夢かうつつか、酔いどれ記者が行く
芦沢 清一
『 酔いどれ交遊録 』
西城正三さん
華のあるシンデレラボーイ
キックの失敗もチャレンジ精神
海老原博幸に続いて、協栄ジムで2人目の世界チャンピオンになったのは、フェザー級西城正三(現オークラジム会長)である。実に華のあるボクサーだった。“シンデレラボーイ”という異名にも、そのあたりのニュアンスがにじむ。 ロサンゼルスでボクシング修行をしていた西城が、ノンタイトル戦で世界王者のラウル・ロハス(米国)を破る殊勲を挙げ、その実績を買われて臨んだタイトルマッチでも判定勝ちして、無名から一躍世界の頂点に駆け上がった。“シンデレラボーイ”と呼ばれたゆえんである。 これは日本のボクサーが海外で世界タイトルを奪取した初めての快挙だった。

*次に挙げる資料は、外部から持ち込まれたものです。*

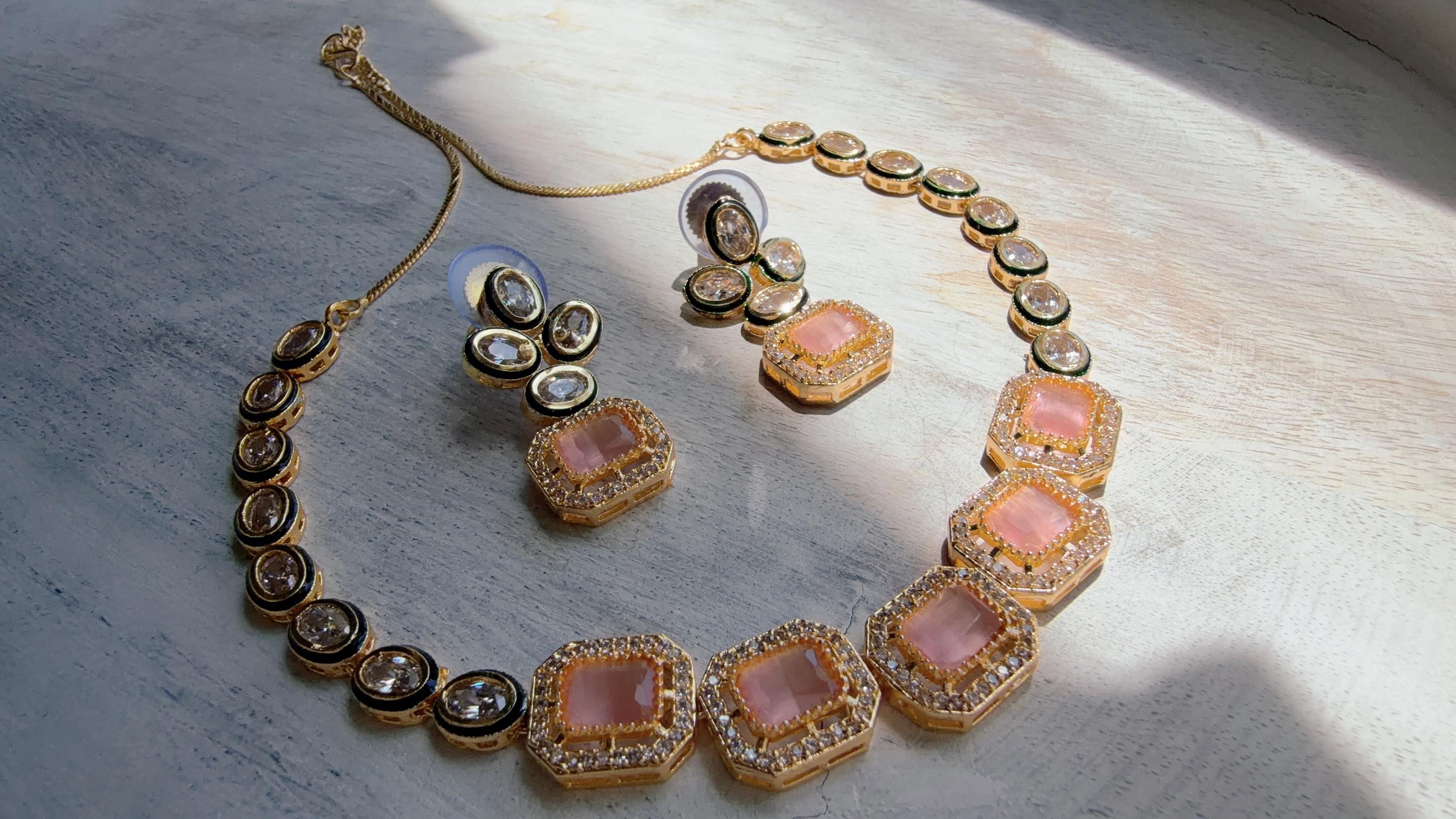 Polki Kundan Pink Necklace Set with Earrings | Indian Bridal Wedding Necklace | Traditional Polki Necklace - Mehak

ボクサーというよりタレント向きの甘いフェースをしたハンサムボーイが、大それたことをやってのけたのはボクシング界の驚きだった。 快挙を達成したのは1968年9月。当時、ボクシング会場に女性の姿はちらほらしかなかった。“シンデレラボーイ”の出現で、にわかに女性のボクシング・ファンが増えた。無類のハンサムボーイは、ボクサーとしては、いささか頼りなく見える。それが母性本能をくすぐったのかもしれない。 世界タイトル獲得後の第1戦、フラッシュ・ベサンテ(フィリピン)とのノンタイトル戦は、頼りなさと強さが混在した最高傑作だった。西城が8ラウンドにKO決着をつけるまで、倒し倒されること4度ずつ、実に8度のダウン応酬があるというドラマチックな試合だった。年間最高試合に選ばれた密度の濃い攻防だったが、4度も倒されたことは自慢にならない。「あれは筋書きのあるドラマだったんですよ」と西城氏は、照れくさい思いを冗談にまぎらして話していたものである。 世界タイトルは5度守って大チャンピオンの仲間入りを果たすが、ほかに世界タイトルマッチに匹敵するスペシャルマッチを記録に残した。1階級上ジュニア・ライト級世界チャンピオン小林弘(中村)との現役世界チャンピオン同士の対決(ノンタイトル戦)だ。 方や“シンデレラボーイ”ならこなた“雑草の男”の対照の妙もあって人気を呼んだ好カードは、期待に応える攻防を繰り広げた。階級の差もあって西城は判定で敗れたが、雄雄しいファイトは負けてなお株を上げる内容だった。甘い顔に隠された根性は、さすが世界チャンピオンと感心させられたものだ。 引退後にキックボクシングに転向したのは、人生の失敗ではないかと思う。モチ屋はモチ屋である。キックの第一人者・藤原敏男にボクシングは通じなかった。当然、イメージダウンは免れなかった。 ただ、キック転向は悪徳でもなんでもない。持ち前のチャレンジャー精神の発露だったのかもしれない。これはジムの会長として、ぜひとも後進に注入してほしい要素の1つだ。ボクシングの人気を盛り返す“第二の西城”の出現が待たれる。